EDIT: Fixed some typos and clarified some wording.
An inductor stores energy in the magnetic field it produces. When the cell is disconnected, it collapses, and that energy is released into the circuit.
(A capacitor stores energy in the form of electrostatic charge)
I couldn’t follow your thoughts completely, how that tidbit helps. :8)
Also the diode would get hot because when passing current the power dissipated (heat) would be the current times the voltage drop across the junction, usually 0.6V for silicon. FET’s don’t have junctions so less heat.
Hope THAT helps.
Thanks for the link. I skimmed it. Seems relevant, but I will need some time to read it slow and understand it. It's deeper than my electronics knowledge. So it will take me some time to digest.
dchomak,
I was aware of those facts, but sure appreciate you making sure I was. What I'm wondering is what charge is present on both connections to the Inductor while the magnetic field is collapsing. I picture the Inductor basically having momentum in it from the flowing electrons. So it would seem the side that was connected to Batt + and the Diode being less positively charged than the side that is connected to the LED + Lead. I guess even though the Batt + side is less positive, it must be still higher than what the side of the Diode that connects to the LED Neg Lead is. It would have to be for my "DFET" to have worked because a N-Channel FET has to have a more positive charge on the Drain Pin than the Source Pin for it to allow current to flow through it.
The short answer is that it can and is, but to get the full advantage of it, it must be switches on/off exactly at the correct time. This is called synchronous rectification. You can get chips that is designed to control a FET for synchronous rectification.

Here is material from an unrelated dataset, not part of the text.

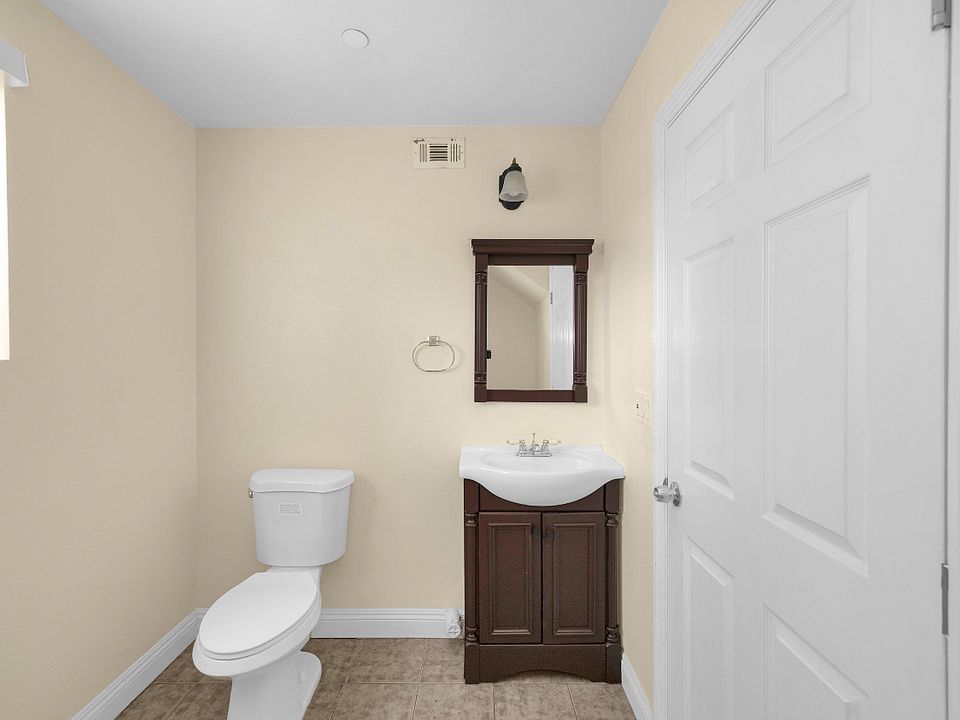 1st image of 343 E 37th St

Yes, an inductor acts like momentum. That is why I like the term freewheeling diode. A buck converter is like an old Saab car or an old American car with overdrive that saves gas because when you don’t need power the engine drops to an idle.

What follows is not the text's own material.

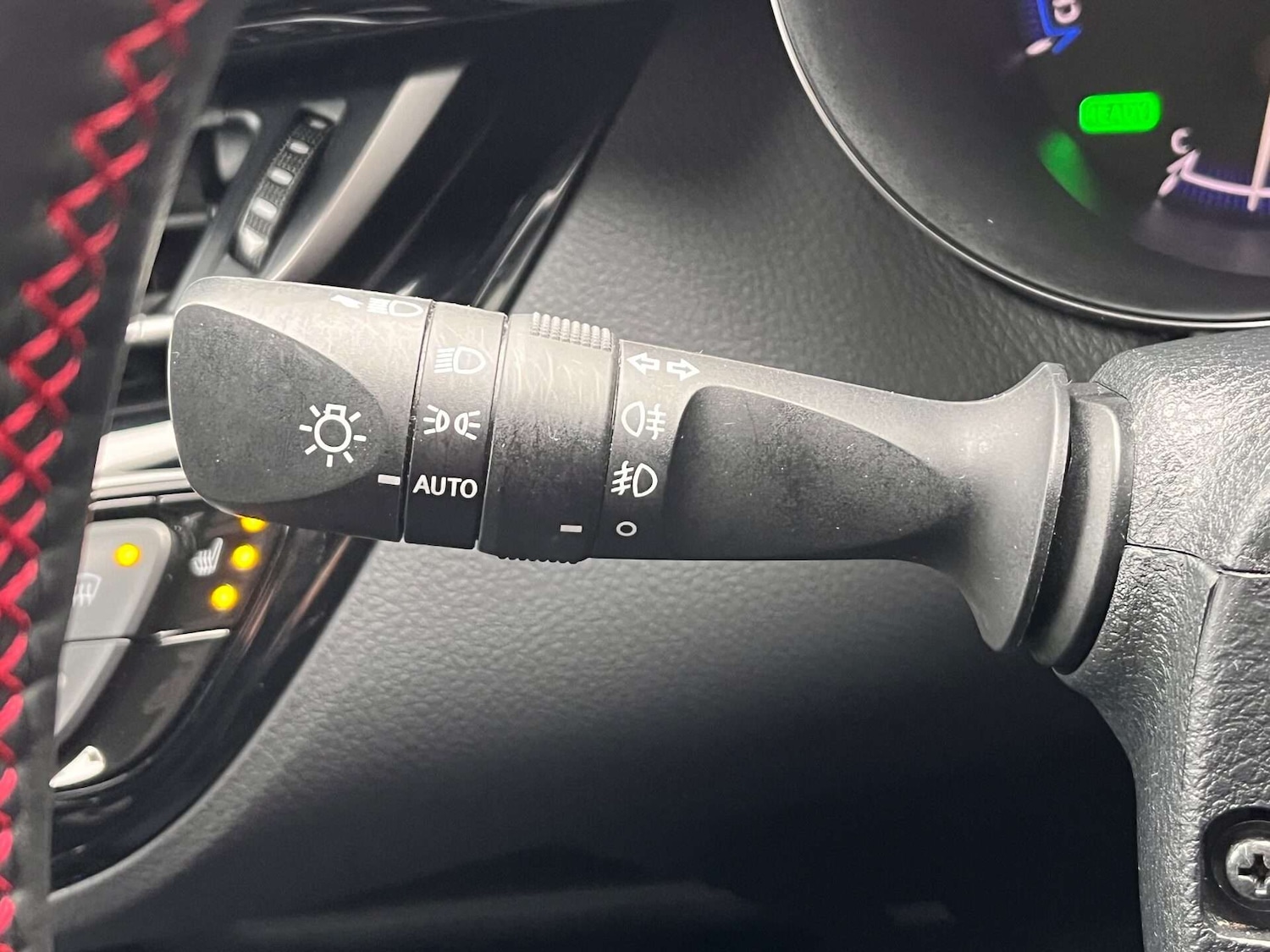 Used Toyota C-HR 2022 for sale - 76905350: Photo 52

I don't know, but I imagine folks would say that is one cool diode.
HKJ wrote:
The short answer is that it can and is, but to get the full advantage of it, it must be switches on/off exactly at the correct time. This is called synchronous rectification. You can get chips that is designed to control a FET for synchronous rectification.
Thank for that info. So it sounds like in the case I mentioned in the OP that I may have lucked out and it worked fine. Maybe not ideally, but good enough.
I wonder if, for this very simple application, it works fine without switches to time on/off. The voltage change to the "back side" of the "DFET" when Ground is disconnected would allow current to flow, which is what is needed at that moment (Maybe not fast/early enough?). I need to get handy with an oscilloscope. I will convert a HX-1175 today and try to figure out what is going on here.
The body diode in a FET is a rather poor/inefficient diode. That is why FETs are not used as simple diodes. If you can control the gate properly, a FET makes a very good synchronous rectifier.
I don't know, but I imagine folks would say that is one cool diode.